Six months after the iconic Kellogg's plant closed in London, Ont., eliminating 500 jobs, its former workers are still struggling.

Single mother Michelle Ellis has settled for two part-time jobs, her take-home pay substantially reduced.

"I was hoping to get a job in a different career path," she said. "And for a woman over 45, it's kind of hard to start. I'm not 19."
Stephen Barnes, who lost his job when Kellogg's London, Ont., plant closed, now commutes to a temporary construction job in Saskatchewan as he tries to hang on to the middle-class lifestyle. (Bill Arnold/CBC)

Stephen Barnes is commuting to a temporary construction job in Saskatchewan as he tries to hang on to the middle class lifestyle the Kellogg's plant used to provide.

"It's tough," he said. "When Kellogg's shut the door I wasn't going to let it take away my dream of retiring, so I had to find a job that was equal pay."

Those jobs are hard to find as the manufacturing sector in Canada is suffering. Workers at Kellogg's could make more than $30 an hour. Most of the jobs offered at the resource centre for unemployed former Kellogg's workers pay substantially less.

"The people that have found work are typically finding work for less money," said Phil Hames, the co-ordinator at the centre. "They are generally getting $20 an hour."

The 75-year-old plant closed last December. In August 2014, Kellogg's, the world's top cereal maker, reported a 16 per cent drop in profits.

In 2013 Kellogg's warned it would cut its global workforce by seven per cent.

Today London's unemployment rate is at an eight-year low, but economists say that is misleading.
Stephen Barnes walks through Saskatoon airport on his commute from London, Ont. (CBC)

"It really doesn't tell us anything about the quality of work," said Douglas Porter, chief economist at BMO. He called the loss of well-paying jobs manufacturing jobs troubling.

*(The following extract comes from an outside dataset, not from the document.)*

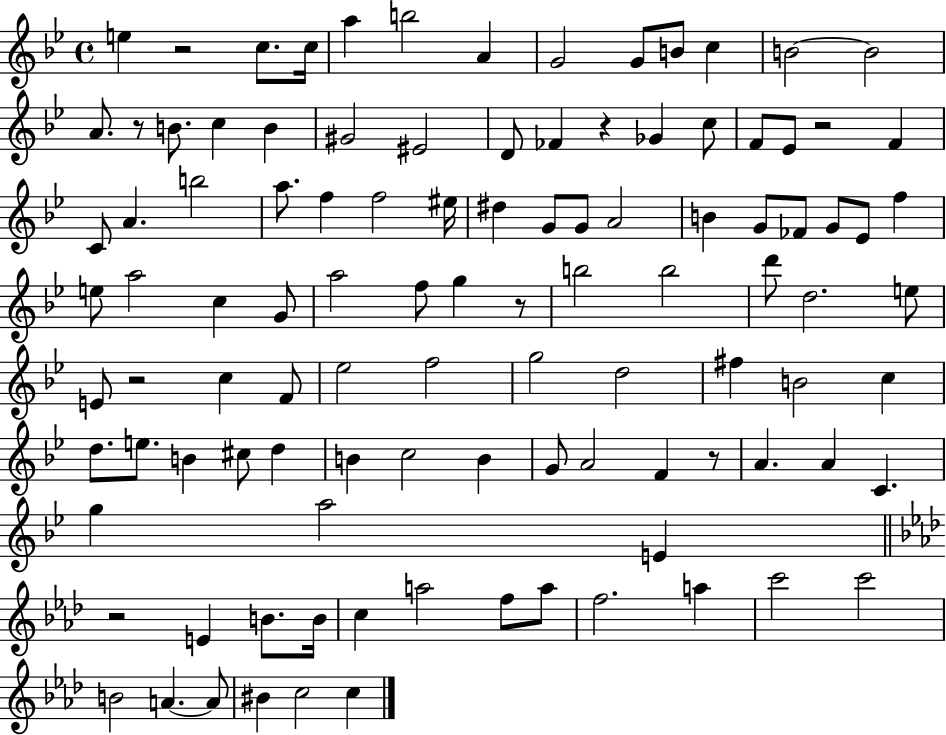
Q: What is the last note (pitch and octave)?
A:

"In many ways London is very much typical of the manufacturing regions of the country," he said. "It means a lower standard of living for a broad segment of society."

Manufacturing in Canada, experts say, does have a future. But it won't look much like the past, when relatively unskilled workers could reasonably expect to make a middle-class living, often at one plant for their entire working life.

"We have to get used to the idea that manufacturing work is changing," said economist Paul Boothe at Western University. 

"We are not going to be doing the low-value manufacturing anymore," he said. "Manufacturing jobs in the future are going to be very high skilled."

That can mean fewer jobs, overseeing machinery in plants that are more automated.

Eventually, Barnes thinks, he will have to leave London.

A highly paid, solid manufacturing job has been impossible to find. "Those jobs are dinosaurs now."